– Вот доставил на твое усмотрение штаб боевого участка. Махно даже не оглянулся в сторону арестованных:
– Что ж, всех расстреляем.
В разговор вмешался Уралов, анархист из культпросветотдела, знавший Дыбеца еще по Бердянску:
– Как же расстрелять, когда там Дыбецы? Он и она.
– А, Дыбецы! – вскрикнул Махно. – Ну-ка, дай его сюда!
– Известно ли тебе, что я теперь коммунистов расстреливаю, так как объявлен вне закона?
– Известно.
– Ну так вот что. Рука у меня не поднимается на этого старого ренегата. Может быть, это моя слабость, но я его не расстреляю. И приказываю, чтобы волос с его головы не упал в расположении моих войск… Слыхали? (5, 127).
Как воспринимать слова Дыбеца относительно того, что Махно расстреливал коммунистов, не совсем ясно: осенью 1919 года коммунистов в махновской армии было много, двое были членами Реввоенсовета, но летом, по горячим следам «отлучения», возбужденный происходящим, Махно мог, конечно, и расстрелять несколько человек. Достоверных данных на этот счет нет, несмотря на то, что расстрел во время Гражданской войны был делом совершенно заурядным; это была универсальная, принятая во всех армиях форма наказания, едва ли не единственная. Несмотря на слова Махно, заступничество Волина и Уралова, вопрос об участи пленников поднимался еще не раз: крестьяне-командиры Повстанческой армии были озлоблены на большевиков и хотели крови. Дыбец вместе с женой был посажен под замок и в конце концов представлен на суд Реввоенсовета Повстанческой армии, где большинством голосов был приговорен, по скромной логике того времени, к расстрелу.

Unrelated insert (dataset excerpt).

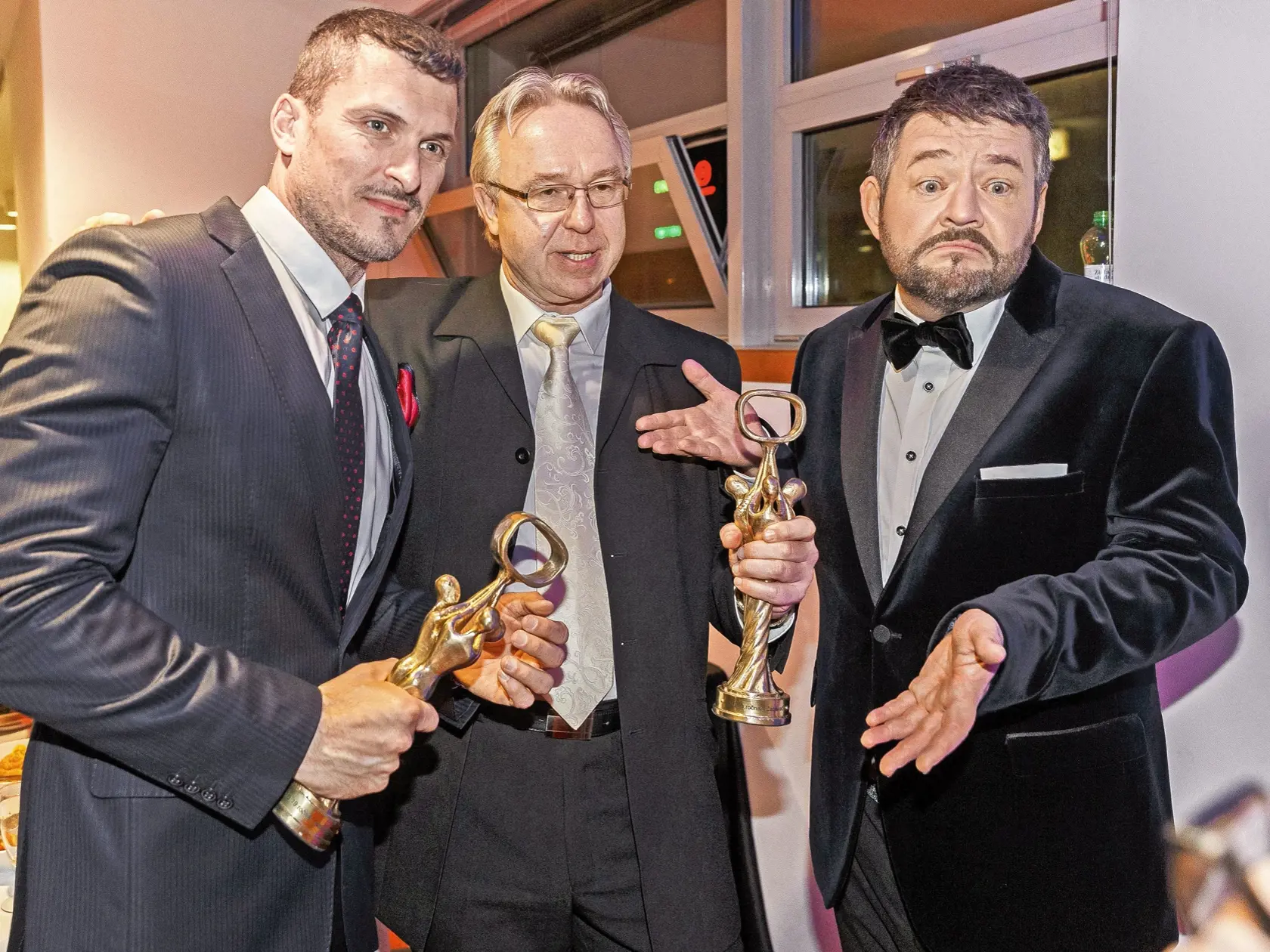 Na snímke počas párty po skončení priameho prenosu z galavečera OTO 2019. Na snímke Ján Koleník a Michal Hudák.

«Когда проголосовали, Махно долго молчал, а потом сказал:
– Нет, не дам его расстрелять. Таких людей нельзя расстреливать» (5, 132). Дыбец предполагал, что на вынесение этого вердикта повлиял телефонный разговор Махно с Федько: последний вроде бы поклялся, что, если пленники будут расстреляны, ни один махновец не будет пощажен частями Южной группы. Это, конечно, смешно. Во-первых, на пощаду красных махновцы давно не рассчитывали. Во-вторых, командование Южной группы Красной армии само боялось, как бы остатки ее не переметнулись к Махно, так что подобных угроз Махно опасаться было нечего. Правда, его телеграмма в Москву об убийстве Григорьева дает нам основания думать, что поначалу он еще ждал – не «прощения», конечно, поскольку виноватым он себя не чувствовал, – а, скажем так, примирения, за которым последовало бы восстановление его в правах и в командной должности. Во всяком случае, он нащупывал контакт. Ко времени же бунта 58-й положение изменилось: Москва ответа не дала, большевики бросали Украину. Махно с каждым днем крепчал, и пробравшиеся к нему из Харькова анархисты «Набата» говорили, что все это – только начало новой, подлинно народной революции на Украине. Поэтому тон разговоров Махно с большевиками изменился.
А. Кривошеее интересно вспоминает, что, когда решался вопрос об отходе на север Южной группы И. Э. Якира (то есть 45-й, 47-й и остатков 58-й дивизий), решено было попытаться договориться с Махно, чтобы он не трогал отступающие войска и вообще, быть может, склонился бы действовать заодно с красными, пока на Украине такое дело. Знавший Махно В. П. Затонский (тот самый, что выписывал когда-то батьке липовый паспорт на Украину) сказал, что в таких переговорах участвовать не будет и за последствия объединения красных частей с Махно ответственности на себя не возьмет.
На переговоры поехал политком 45-й дивизии Голубенко. Со станции Голта он дозвонился до Махно и изложил предложение красного командования. Махно выслушал Голубенко. Махно сказал: «Вы обманули Украину, а главное, расстреляли моих товарищей в Гуляй-Поле, ваши остатки все равно перейдут ко мне, и посему я с вами со всеми, в особенности ответственными работниками, поступлю так же, как вы с моими товарищами в Гуляй-Поле, а затем будем разговаривать о совместных действиях» (37, 201).